Thursday, July 2, 2009
The third play we saw on our recent weekend in New York has now closed: Exit the King, starring Susan Sarandon and Geoffrey Rush (who won a Tony for Best Actor.) In fact, we saw it on the last day. I've never been to a closing performance, and I sort of wondered if we would get the full effort. But, aside from Sarandon discreetly cracking up once when the actor who played the guard had some fun repeating a line, nothing seemed amiss.
I have never read this play, by Eugene Ionesco, but it offered an interesting counter-point to Waiting for Godot. The central dilemma in Godot is trying to find some meaning in life, some reason to keep on going in the face of a futile, often brutal existence. The central dilemma in Exit the King is coming to terms with the loss of that life, however meaningless and painful it might be.

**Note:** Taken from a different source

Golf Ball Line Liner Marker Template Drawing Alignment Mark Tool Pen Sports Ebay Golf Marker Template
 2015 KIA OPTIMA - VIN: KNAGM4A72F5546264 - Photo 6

Rush gave a stunning, clownish, scenery chewing performance, one full of bluster and pathos. His King clung to life with every ounce of his rapidly diminishing strength. The world is literally dying along with this solipcistic king -- the kingdom itself torn apart by volcanoes and earthquakes, the population rendered helpless and infertile as he dies.This is one man who refuses to go gently into that good night. The king is the walking embodiment of the id. The world and everyone in it exists for his pleasure. When he ceases to exist, the world will, too.
And isn't this, really, what all of us believe in our heart of hearts, in the secret hidey holes of our souls? I am the center of the universe. I cannot imagine a world without me. Death is the great void. The death of everything. I fear it. This incredible performance gave me the chance to recognize and give voice to those feelings. Actually, it rather insisted upon it.
The script and the play's direction forced us to recognize ourselves in the King, constantly breaking the 4th wall by making direct references to how many minutes his life (and the play) had left, placing the palace's Doritos-munching trumpeter in a balcony box, even sending Rush at one point up and down the aisles of the theater, where he stood right next to us, looking us in the eye as he railed against his inevitable end. (Incidentally, Rush is one skinny dude.)
Sarandon was good as the put-upon first wife, whose eye-rolling, cynical exterior masks a gentle side. In a long soliloquy at the end of the play, her almost maternal love shines as she tries to persuade the king to loosen his clenched fist and let go. Lauren Ambrose could have devolved into caricature as the king's beautiful second wife, Queen Marie. Like Rush, she's over-the-top in her arm-flinging, mascara-running distress. But her palpable love for the king and her blissfully youthful naivitee are compelling and real.
All-in-all, a memorable play and a great weekend on Broadway.